One of the first interviewees in Kim’s Video is a former regular of the store, Dennis Dermody, who proclaims how “they had so much stuff that you couldn’t find anywhere.” Curiously, this sentiment remains true today in the sense that video stores like Four Star house complete and ever-growing collections that are arranged with conscious care. (Thanks to them for indulging my interest in the Toronto New Wave this year, for one.) It rails against the cabal of streaming services who push their own latest lackluster fare, all while inexplicably acquiring and losing distribution rights to older titles. Now absorbed into a broader content catalog, movies seem like a tenuous part of an ephemeral ecosystem before being scattered into the digital ether.
Two benefits of a physical media collection in an anchored location, which the film world perhaps didn’t (or couldn’t) fully grasp when video rental stores first ascended during the 1980s, are eliminating barriers to access and promoting media preservation. The latter is at the heart of Kim’s Video, as Redmon admits he wants “restitution” after learning what has befallen Mondo Kim’s 55,000-title collection in the 2010s. All those plastic cases sat neglected, partly unshelved, and rain-damaged in small-town Sicily, after Yongman Kim received a gleaming proposal at the end of the 2000s from the town of Salemi and their 2008-2012 term art-critic mayor, Vittorio Sgarbi. As Kim pursued other business ventures, Sgarbi seemed to promise that the media would be minded there as if it were part of a museum’s valuables.

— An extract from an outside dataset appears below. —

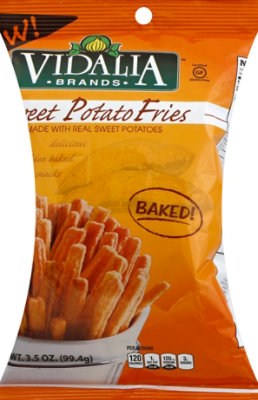 Vidalia Sweet Potato Fries - 3.5 Oz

A considerable portion of the Kim’s Video features Redmon fancying himself a sort of movie-like sleuth, a protagonist of an unassuming political thriller. He compares himself to such fictitious characters as Thomas in Blow-Up (1966) or Jack Terry in Blow Out (1981) in pursuit of the truth of physical artifacts that are the movies themselves. It’s a sort of meta turn that enkindles Wes Anderson-esque caper-inspired ideas about how to abscond and transport all that media back to its original home in New York City.

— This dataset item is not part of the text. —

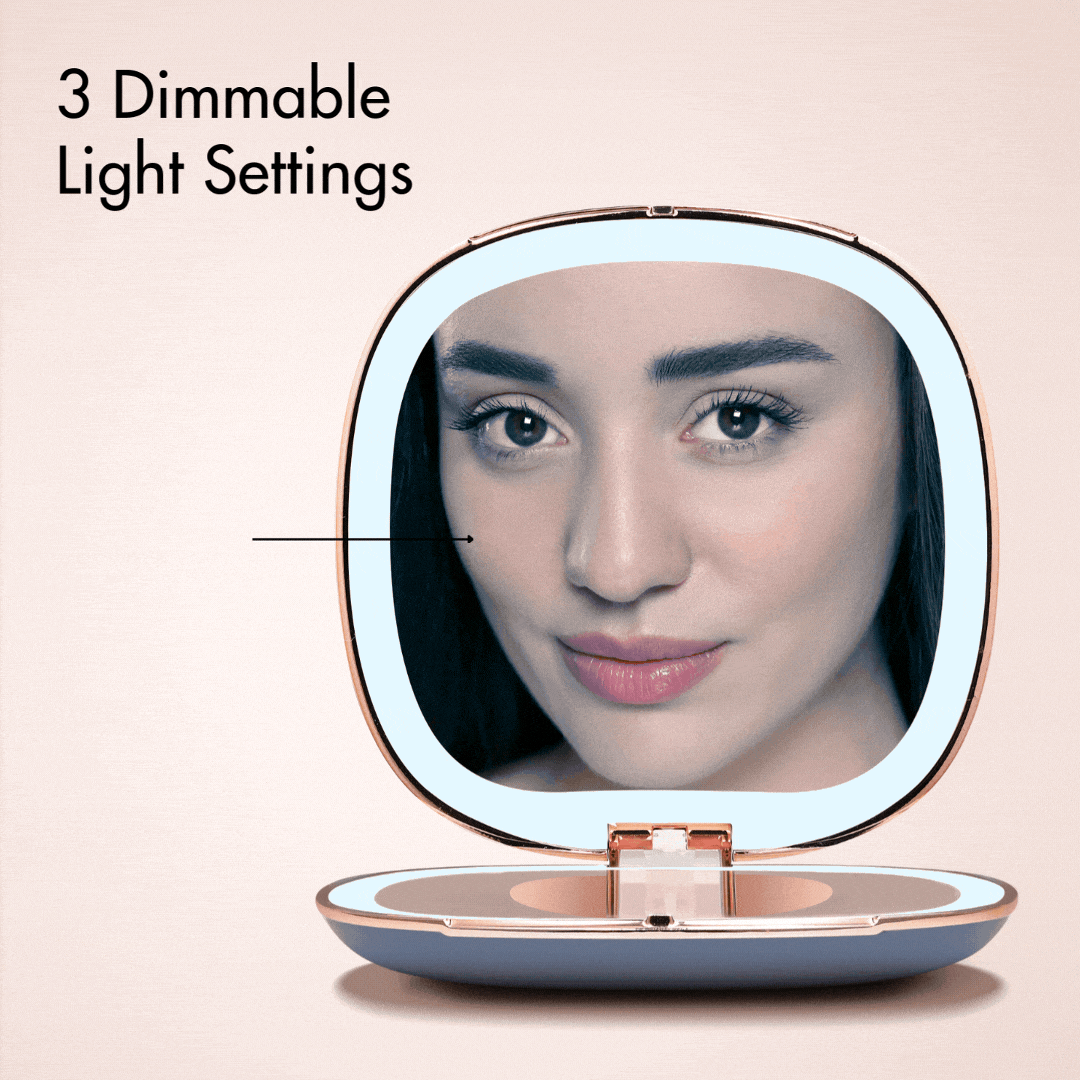Tru-Glow Lighted Mirrors Duo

At times, this perspective leans too much on forging a breaking-news narrative rather than taking a broader inventory of the culture that Kim’s Video and video stores curated. However, as this film argues, “Cinema is a record of existence.” In the personal way that Redmon and Sabin integrate the totality of cinema history—from Redmon’s opening five-minute diaristic tapestry that includes clips of everything from Manos: The Hands Of Fate (1966) to Clean, Shaven (1993), to a concluding, cleverly literal interpretation of the famous Jean-Luc Godard quote, “It’s not where you take things from; it’s where you take them to”—the archives of video stores everywhere really have shaped “our collective memory of the living dead.”